- [Record extracts]:
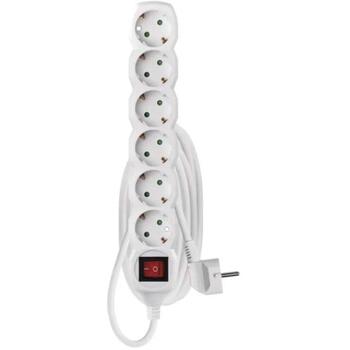 Emos Удлинитель P1623R, 3м, 6x2P+PE, выключатель, ПВХ, 3680Вт, защита от детей (P1623R)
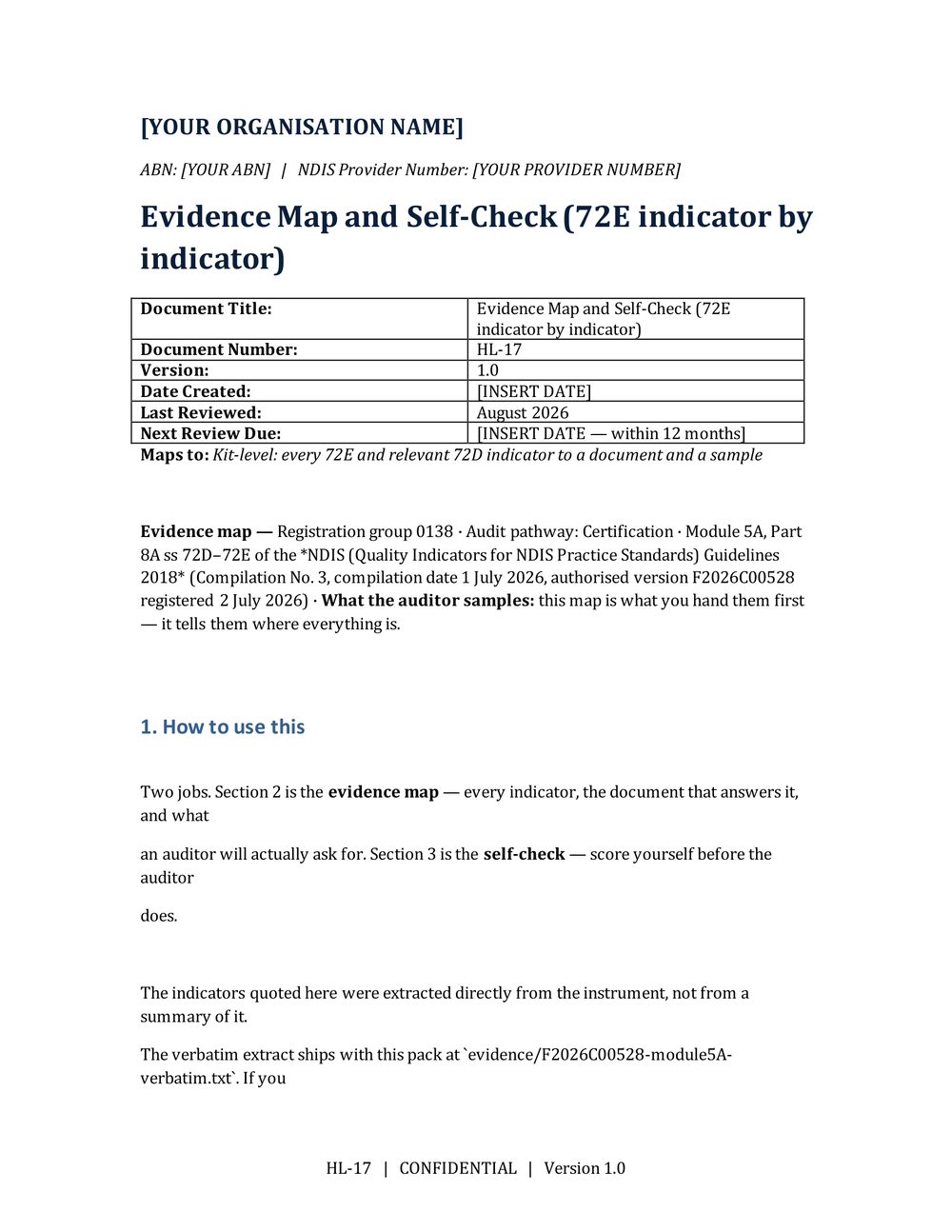 Evidence Map and Self-Check, page 1 - indicator by indicator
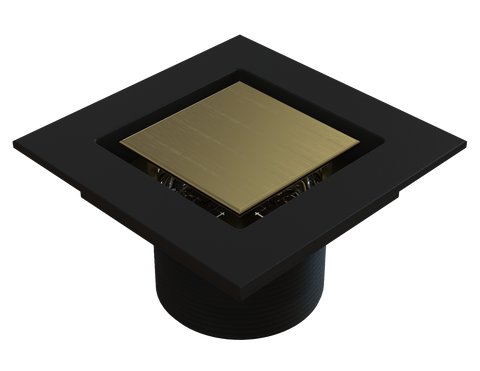 BCS.202.33.88 - 4" x 4" Flat Square Split Finish Shower Drain Outlet - Brushed Gold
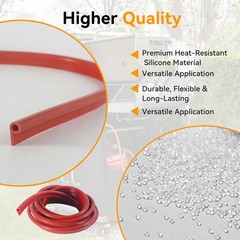 13FT High-Temperature P-Type Silicone Gasket Seal,7/16″ x 7/8″ red iron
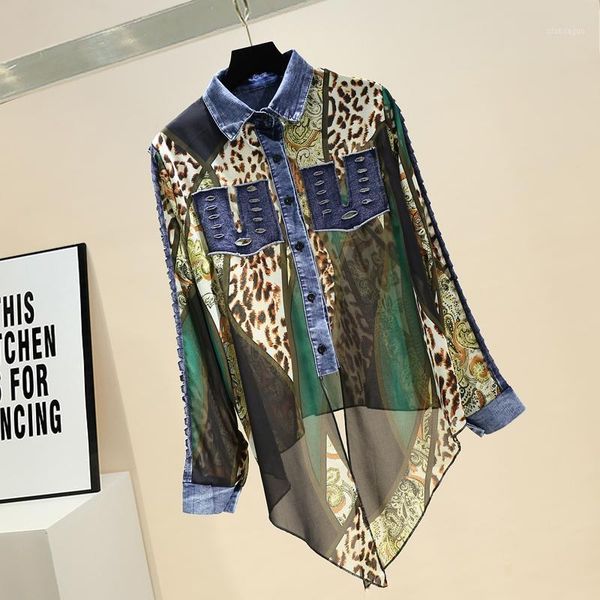 fashion blouse for woman summer new denim stitching leopard chiffon shirt women's long sleeve blouse blusas mujer de moda 20201, White
fashion blouse for woman summer new denim stitching leopard chiffon shirt women's long sleeve blouse blusas mujer de moda 20201, White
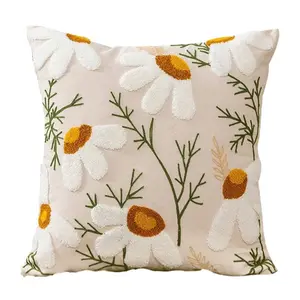 Rustic High-End Embroidered Throw Pillow 45x45cm for Sofa Living Room Luxurious Floral Design Headboard Cushion Without Insert White Flowers Yellow Centers Green Stems
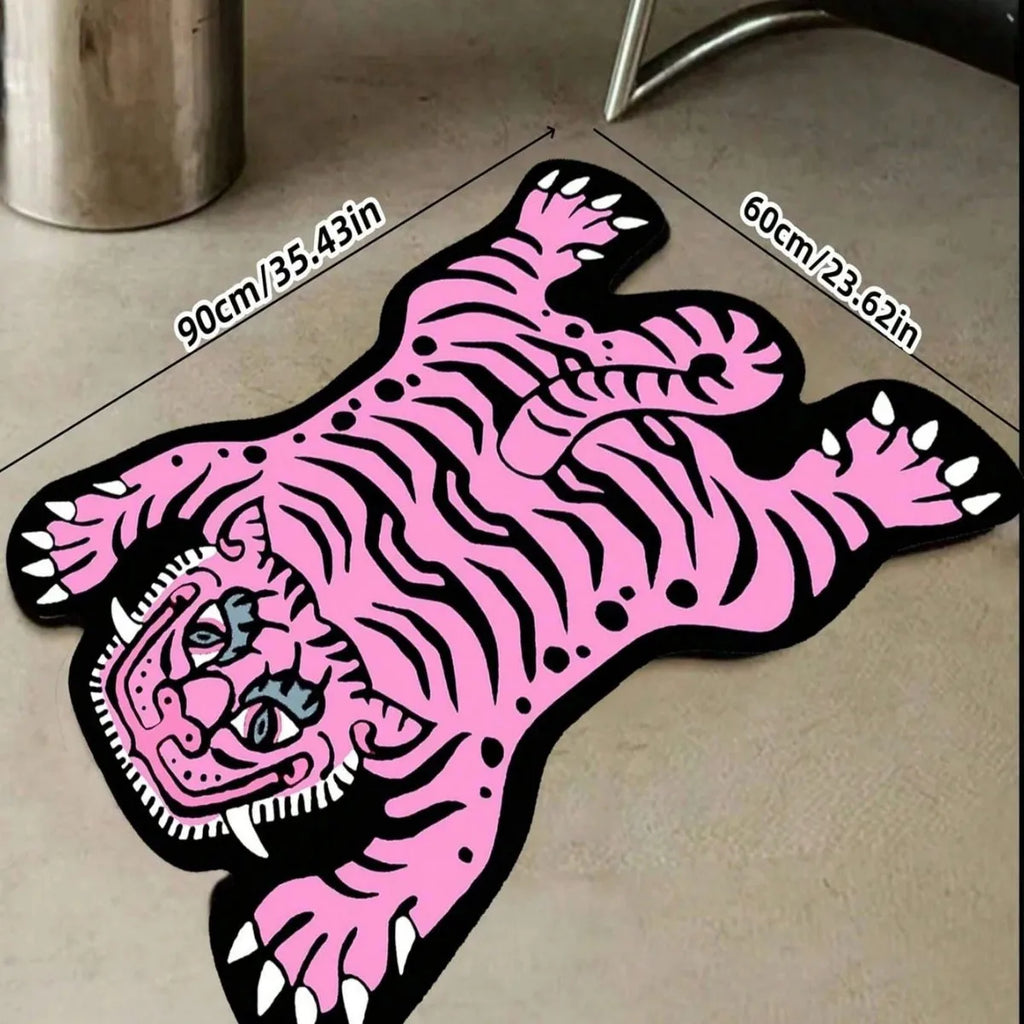 Alfombra con forma de tigre de dibujos animados VIKAMA para sala de estar, dormitorio infantil, alfombras de cabecera, decoración del hogar, alfombrillas antideslizantes para cocina y balcón.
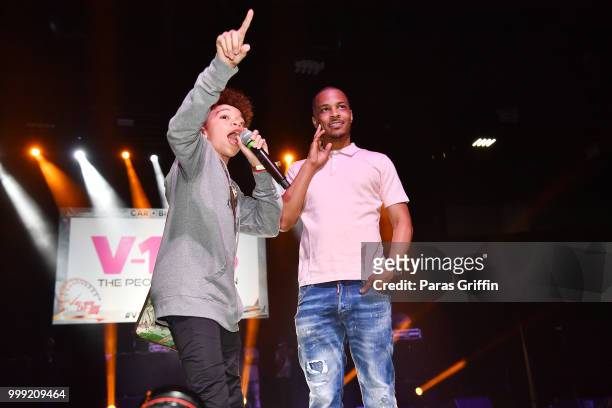 King Harris and T.I. Onstage during 2018 V-103 Car & Bike Show at Georgia World Congress Center on July 14, 2018 in Atlanta, Georgia.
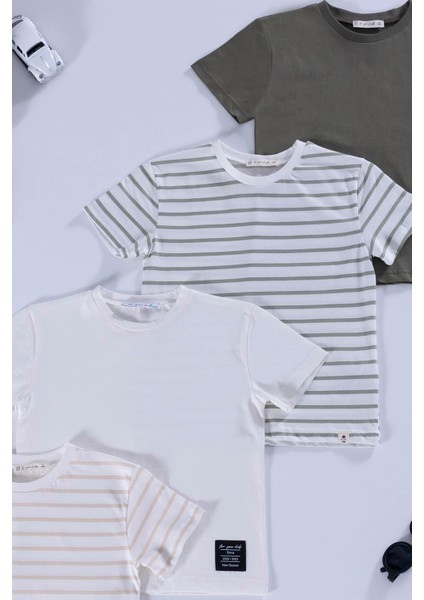 4'lü Etiket Detaylı Cizgili Taş Yeşil Tshirt fiyatları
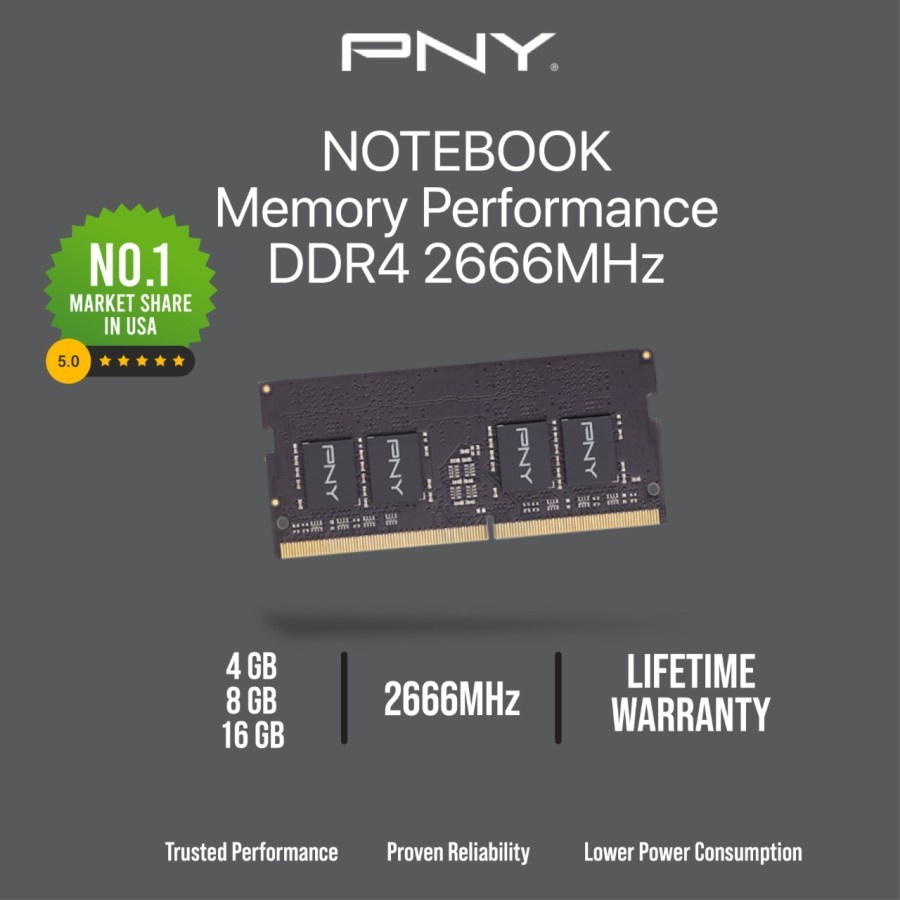 Ram Laptop PNY Ddr4 8GB PC21300 2666Mhz SODIMM Memory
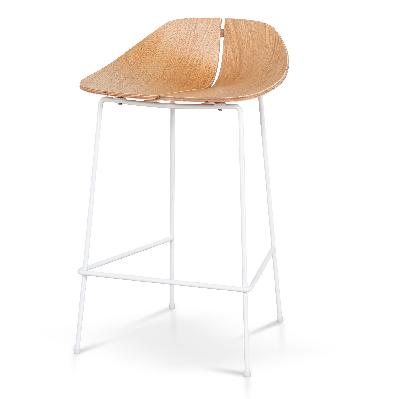 breeze 65cm matte white bar stool - natural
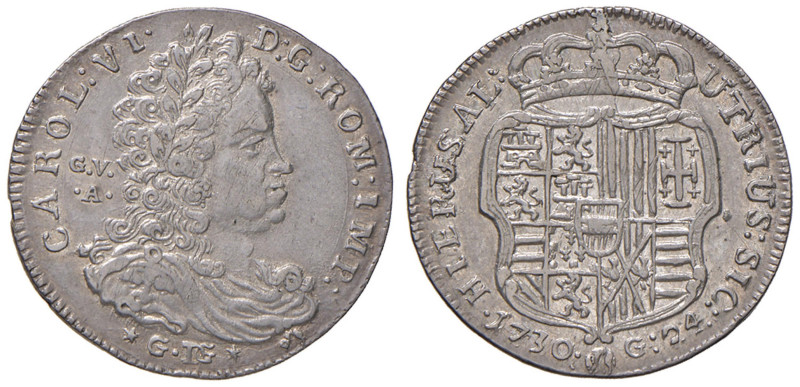 NAPOLI Carlo VI (1711-1734) 24 Grana 1730 - Nomisma 188 AG (g 5,09) RR Minimi gr...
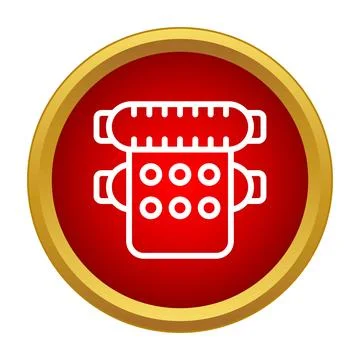 Electronic chip icon illustrating technology and computing hardware 库存插图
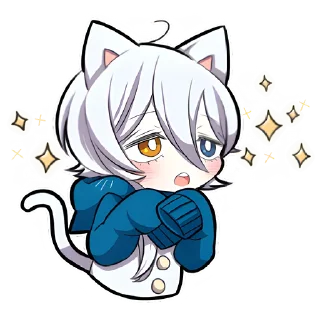 Sticker Белый котёнок 3 @Nyasticks - 6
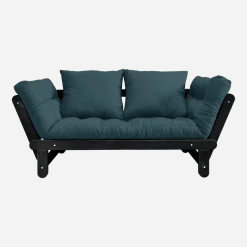 Canapé en bois noir convertible 2 places bleu petrol Beat - Karup Design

- [Exercise prompt]: Copy exactly, please, every line from the one holding "NAPOLI Carlo VI" through the last line of the data, both ends included, and no pictures.

- [Exercise solution]:
 NAPOLI Carlo VI (1711-1734) 24 Grana 1730 - Nomisma 188 AG (g 5,09) RR Minimi gr...
 Electronic chip icon illustrating technology and computing hardware 库存插图
 Sticker Белый котёнок 3 @Nyasticks - 6
 Canapé en bois noir convertible 2 places bleu petrol Beat - Karup Design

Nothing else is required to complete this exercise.